Configuring callbacks¶

Each callback sampler is wrapped in a SamplerIntervalConfig that specifies when it should run:

SamplerIntervalConfig(
    sampler=SequentialSampler(test_dataset),
    pipeline=eval_pipeline,
    every_n_epochs=1,
)

Intervals can be epoch-based, update-based, or sample-based (mutually exclusive per callback). Each callback can use its own pipeline and batch_size.

Training stops when any configured limit is reached first: max_epochs, max_updates, or max_samples. Resume is supported via start_epoch, start_update, or start_sample, including mid-epoch resume.

Loading and Performance¶

Every __getitem__ call reads the full tensor from disk via torch.load. There is currently no caching, memory-mapping, or partial-read support. For a ShapeNet Car volume property, this means loading ~28k points to ultimately keep 4,096 after point sampling.

The MultiStagePipeline deep-copies every sample before applying processors, so the original dataset tensors are never mutated.

Several mechanisms help keep loading efficient in practice:

Property filtering via excluded_properties prevents loading tensors that are not needed for the current training run.
DataLoader workers: with num_workers > 0, loading runs in parallel subprocesses overlapped with GPU computation. The default is (#CPUs / #GPUs) - 1 workers.
Preprocessing-time subsampling: for CAEML datasets, the stored files are already 10x smaller than the raw mesh thanks to the offline subsample_factor.
File sizes: for ShapeNet Car, individual .pt files are under 1 MB each, so per-read cost is modest.
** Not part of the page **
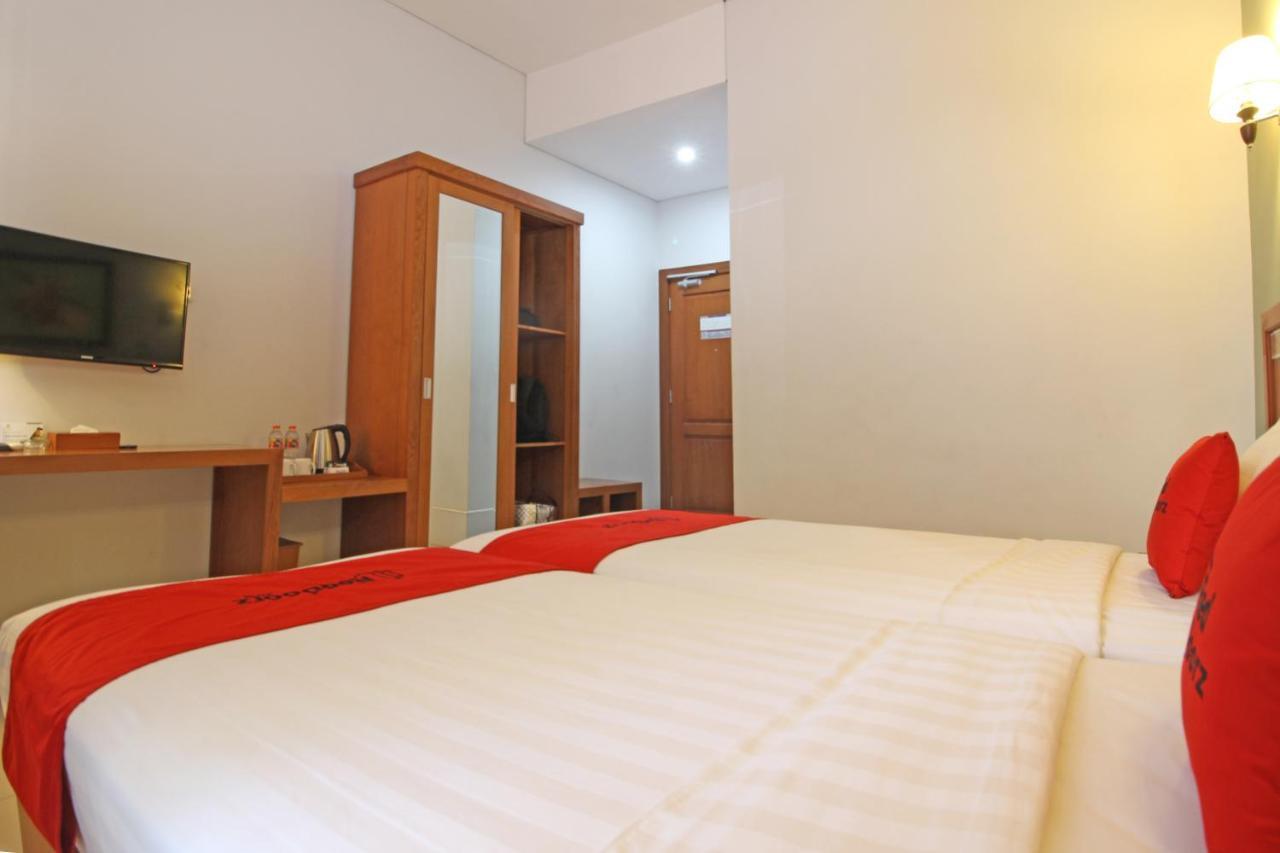 Reddoorz Premium Near Sleman City Hall Yogyakarta Exterior photo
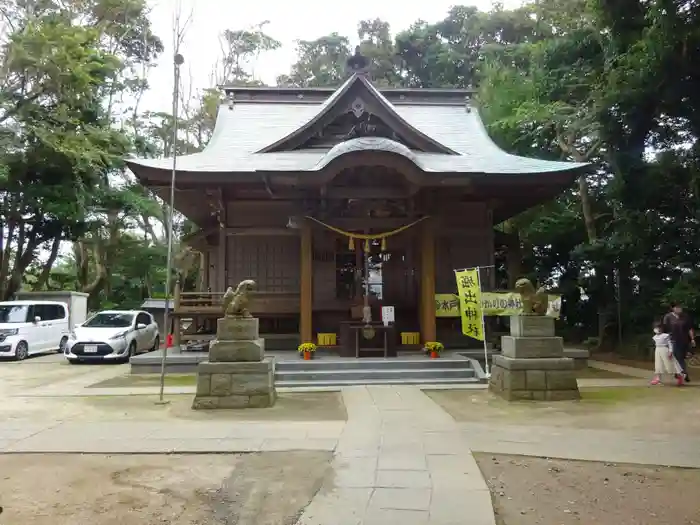 掘出神社の本殿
The design prioritizes simplicity and flexibility – any sample processor can operate on the full point cloud – over minimal I/O.

Dataset Statistics¶

Normalizing inputs and targets requires dataset-wide statistics (mean, standard deviation, min, max). We compute these in a single pass using Welford’s online algorithm via RunningMoments, which operates in float64 for numerical stability and avoids loading the entire dataset into memory at once.
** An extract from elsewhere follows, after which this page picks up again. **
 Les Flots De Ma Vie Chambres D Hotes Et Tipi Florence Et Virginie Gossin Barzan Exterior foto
The noether-dataset-stats CLI automates this:

noether-dataset-stats \
    --dataset_kind=noether.data.datasets.cfd.shapenet_car.ShapeNetCarDataset \
    --split=train \
    --root=/path/to/data \
    --exclude_attributes=surface_friction,volume_pressure,volume_vorticity

The tool sets compute_statistics=True on the dataset, which disables @with_normalizers so that raw (unnormalized) values are processed. The output statistics are then used to populate normalizer configs for training.